Je hais mon incapacité à n’être pas tendu, de tout mon long, à toute heure, vers l’objectif que je m’assigne. J’ai parfois besoin de toute ma médiocrité. Et le temps m’est de plus en plus rare, tout m’est compté, minuté, et l’angoisse frappe mon ventre à chaque battement des minutes devant l’ampleur de la tâche.
Au Darius Milhaud pour Le songe d’une nuit d’été. C’est le théâtre que je préfère. La salle est minuscule et inconfortable ; ce soir la troupe était semi-professionnelle et le spectacle plein d’imprécisions délicieuses. Je tremblais et je souriais, car à tout moment, au moindre oubli ou mauvais geste, je sentais bien que la représentation pouvait virer au désastre — et c’est cela même, à mes yeux, qui en a fait toute la réussite.
C’est cette fragilité que j’aime au théâtre — les plus petits spectacles, ceux bricolés avec trois bouts de ficelles, avec des comédiens sans métiers –, et que je ne retrouve jamais dans les grosses machines parfois snobs, toujours bobos, du théâtre public. Et c’était une franche réussite. Les comédiens s’aimaient, j’en suis sûr, leur énergie était communicative et compensait leurs quelques fautes de jeu ; ils étaient drôles, vraiment drôles, et ils s’envoyaient comme rarement.
Shakespeare, bien sûr, est vraiment le saint patron des théâtreux fauchés.
Pour la N.A., idée d’une nouvelle parallèle, entièrement tournée vers l’Ami.

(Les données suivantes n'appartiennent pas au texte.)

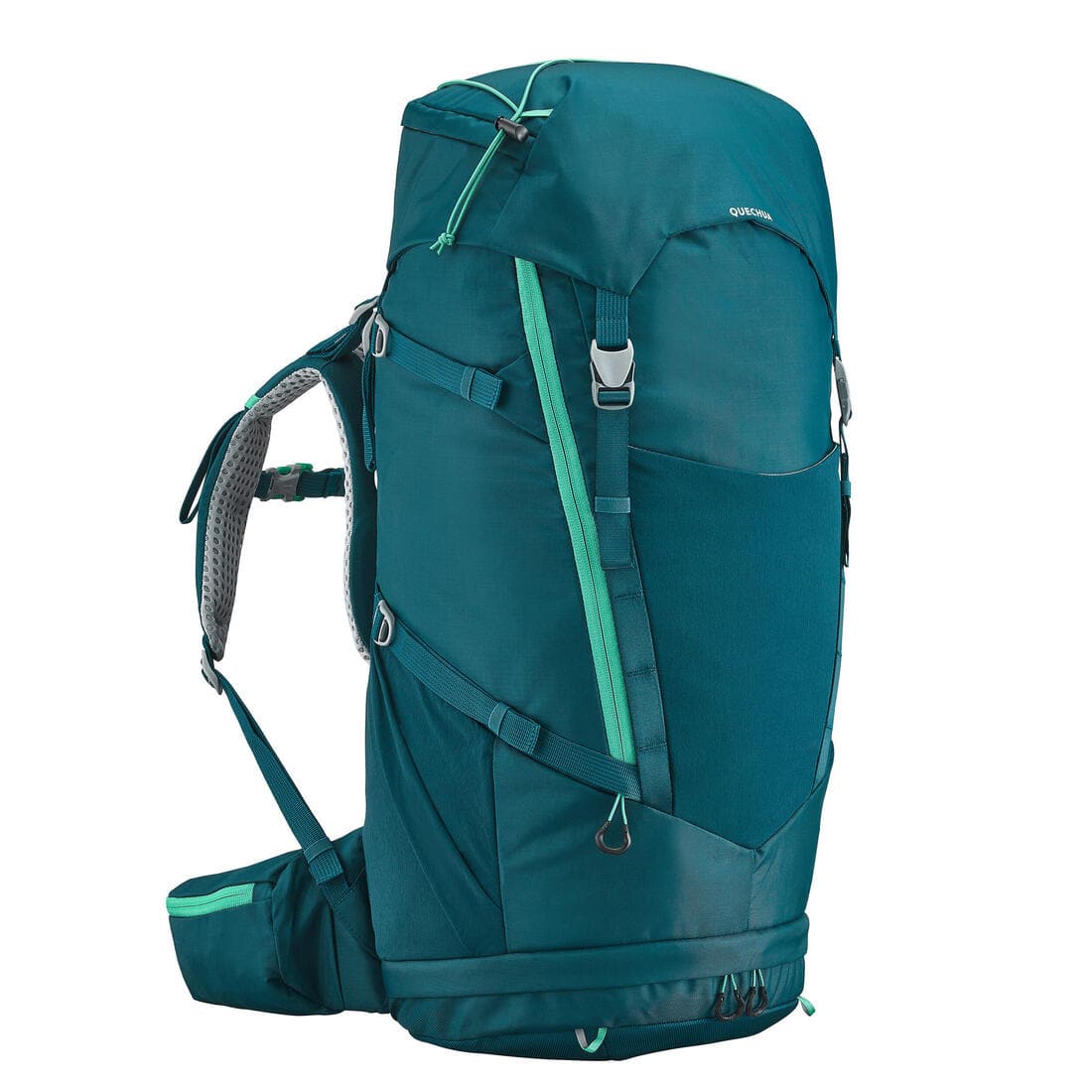 Sac à dos de randonnée/trekking enfant 40+10L - MH500 JR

Je dois dévoiler, pour mon seul usage, les zones d’ombre qui fondent le fantasme. C’est l’Ami dans sa mansarde, entouré de ses bibelots mécaniques, rêvant à la Machine d’Anticythère. Alors Pierrot entre, et il faudra tout lui expliquer à ce con.
Sous la surface du livre, un espace océanique. (D’après Tanguy Viel)

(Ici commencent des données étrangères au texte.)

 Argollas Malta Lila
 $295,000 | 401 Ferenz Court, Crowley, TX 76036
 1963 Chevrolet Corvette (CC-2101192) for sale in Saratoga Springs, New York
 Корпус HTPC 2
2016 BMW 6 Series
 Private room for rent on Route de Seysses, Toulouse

Fébrile, coeur à mille, forte tension pour une raison que je ne m’explique pas. Mon existence, c’est cent petites ficelles attachées à des cerfs-volants. Et je dois tenir et tendre en même temps chacune de ces ficelles avec mes mains et mes pieds. Parfois il y a des coups de vent et les cerfs-volants menacent de m’échapper, alors je dois lâcher une des ficelles pour retenir celle qui s’en va, mais alors c’est un autre cerf-volant qui m’échappe, et ainsi de suite, et ainsi de suite.
Hier, soirée avec les anciens du théâtre au Saint George. Un petit groupe rare et précieux, où les énergies individuelles s’accordent toutes à l’énergie collective qui leur préexiste. Mais j’ai encore trop bu, je ne résiste jamais à ce fameux dernier verre qui n’est en réalité que l’avant-dernier. Ceux du théâtre étaient partis, mais je suis resté au comptoir pour bavarder avec R. qui m’avait payé à boire, tandis qu’une bande d’olibrius s’embrassait sur le front en s’appelant « papa ».